There is now a trend in various states towards substantial exceptions to the rule of immunity; in particular, a state can be sued when the dispute arises from a commercial transaction entered into by a state or some other "non-sovereign activity" of a state. The United Nations Convention on Jurisdictional Immunities of States and their Property, which as of 2024 is not yet in force, would re-formulate and harmonise the rules and their exceptions. It does not cover criminal proceedings and it does not allow civil (e.g. financial) actions for human rights abuses against state agents where the abuse has occurred in another country.

In 1938, Lord Atkin observed in the House of Lords, the highest court at the time in the United Kingdom, the following:

The courts of a country will not impede a foreign sovereign, that is, they will not by their process make him against his will a party to legal proceedings whether the proceedings involve process against his person or seek to recover from him specific property or damages.

The rule's wider implication is that a state and any sovereign, unless it chooses to waive its immunity, is immune to the jurisdiction of foreign courts and the enforcement of court orders. So jealously guarded is the law, traditionally the assertion of any such jurisdiction is considered impossible without the foreign power's consent.

==Arguments for and against exceptions==
Some commentators argue states should not be immune to cases relating to serious human rights abuses. They argue that fundamental human rights such as the right to life and the prohibition against torture should take precedence over rules of state immunity (in technical terms, they constitute norms of jus cogens). Others point out that state immunity should be the exception that warrants proper justification, without which all states should be subject to liability.

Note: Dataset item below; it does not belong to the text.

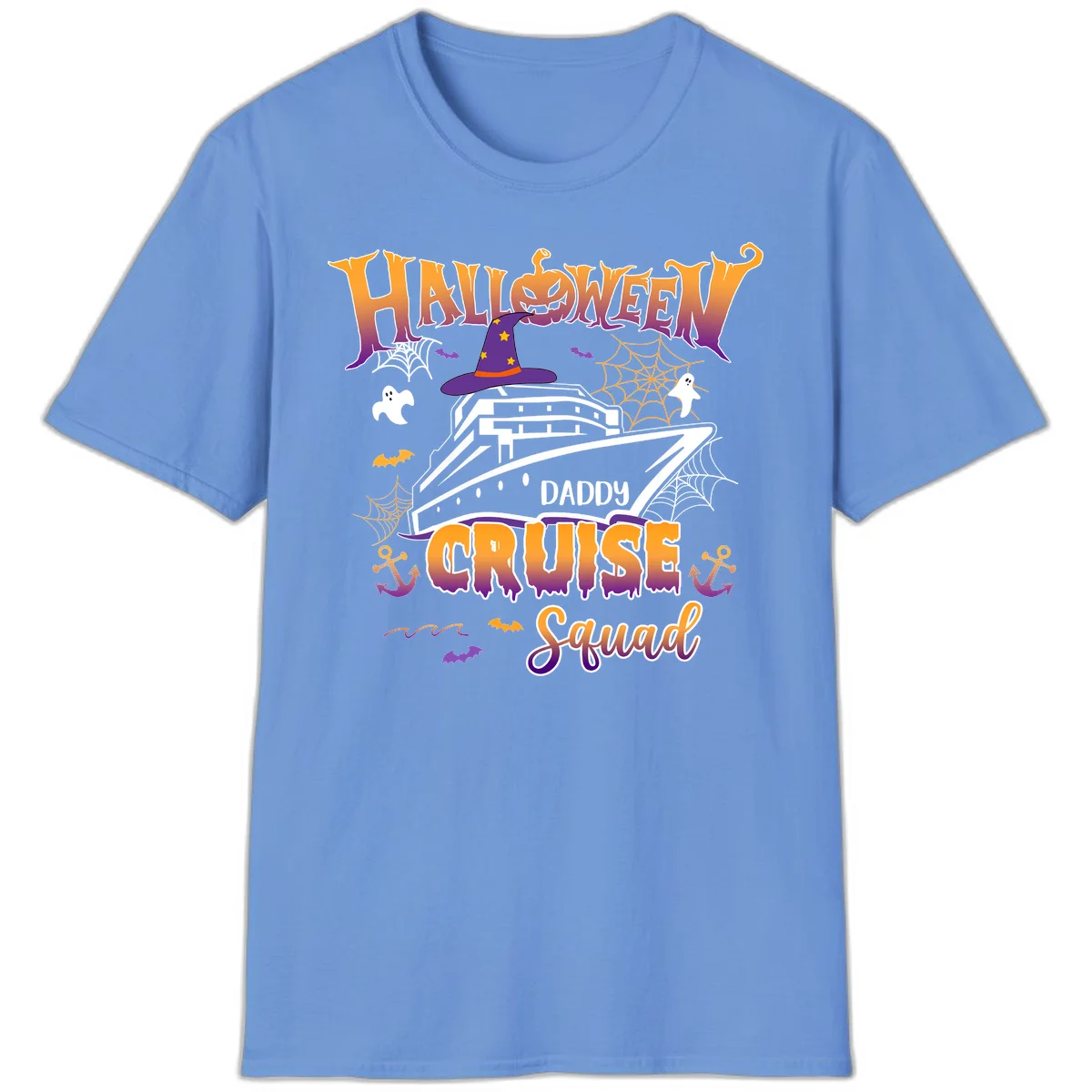 Halloween Daddy Cruise Squad T-Shirt in Carolina Blue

Opponents of this type of exception point out that civil actions brought by disgruntled individuals in one country against another state can have grave political and economic repercussions for both states; and civil proceedings can raise difficult issues of enforcement and extraterritorial jurisdiction. They argue a sovereign immunity exception should be made in each country's domestic law, so that country's definition of abuse, standard of proof, and rules of evidence apply.

==In practice==
Under customary international law, countries are normally immune from legal proceedings in another state.

Sovereign immunity is sometimes available to countries in international courts and international arbitration; principally not however if acting more as contracting bodies (e.g. making agreements with regard to extracting oil and selling it) nor in boundaries matters.

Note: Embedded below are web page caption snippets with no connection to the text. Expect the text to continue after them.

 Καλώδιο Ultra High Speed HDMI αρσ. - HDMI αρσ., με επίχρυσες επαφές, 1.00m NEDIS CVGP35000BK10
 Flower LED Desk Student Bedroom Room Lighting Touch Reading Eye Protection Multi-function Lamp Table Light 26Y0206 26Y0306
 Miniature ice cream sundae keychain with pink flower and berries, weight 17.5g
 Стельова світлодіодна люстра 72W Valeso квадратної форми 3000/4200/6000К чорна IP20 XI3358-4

On 3 February 2012, in the case of Germany v. Italy: Greece intervening, the International Court of Justice ruled by a majority of 12 to 3 that all attempts by domestic courts, forums and tribunals attempting to supranationally apply jus cogens relating to international humanitarian law are overridden by state immunity. The case affirms case law from earlier decisions. The decision was criticized by some commentators for not embracing a nascent movement to waive immunity in cases of human rights violations. Others pointed out that the decision reflected the consensus of actual international custom and practice.

The jurisdiction of the International Criminal Court extends to current heads of state and government of states that are members of the court. Though cases might include acts that leaders take in their official capacities (such as ordering the country's military to commit genocide), they are prosecuted against individuals rather than the country's government as a whole.

===United States===

The 1812 U.S. Supreme Court decision The Schooner Exchange v. M'Faddon interpreted customary international law to bar a ship owner from suing to regain a vessel seized by the government of France, which had docked for repairs in Philadelphia.

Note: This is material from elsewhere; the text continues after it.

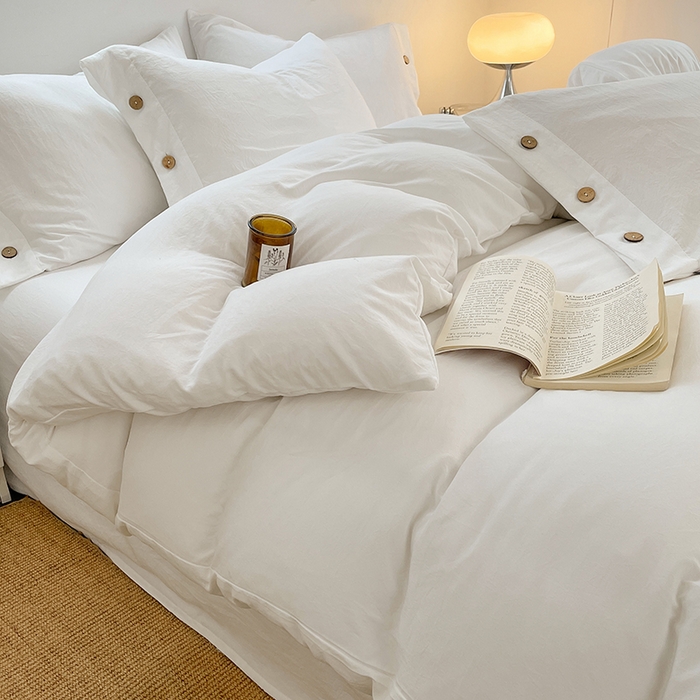 91家纺网 家纺一手货源 找家纺 yyds网供 2026新款A类仿汉麻棉麻纽扣款四件套复古水洗棉无印风三件套酒店民宿 纽扣月光白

The 1976 Foreign Sovereign Immunities Act generally bars suits against foreign governments, except in cases where state immunity is waived; in certain admiralty claims; or in claims involving commercial activity, a tort inside the United States involving death, personal injury, or damage to or loss of property (such as a traffic collision), or expropriation of property in violation of international law. Section 221 of the Antiterrorism and Effective Death Penalty Act of 1996 added an exception for U.S. victims of terrorism, for any government designated by the State Department as a state sponsor of terrorism. The National Defense Authorization Act for Fiscal Year 2008 added exceptions for torture, extrajudicial killing, aircraft sabotage, and hostage-taking. In 2016, the Justice Against Sponsors of Terrorism Act removed the requirement that a state sponsor of terrorism be officially listed, so that victim families of the September 11 attacks could sue Saudi Arabia.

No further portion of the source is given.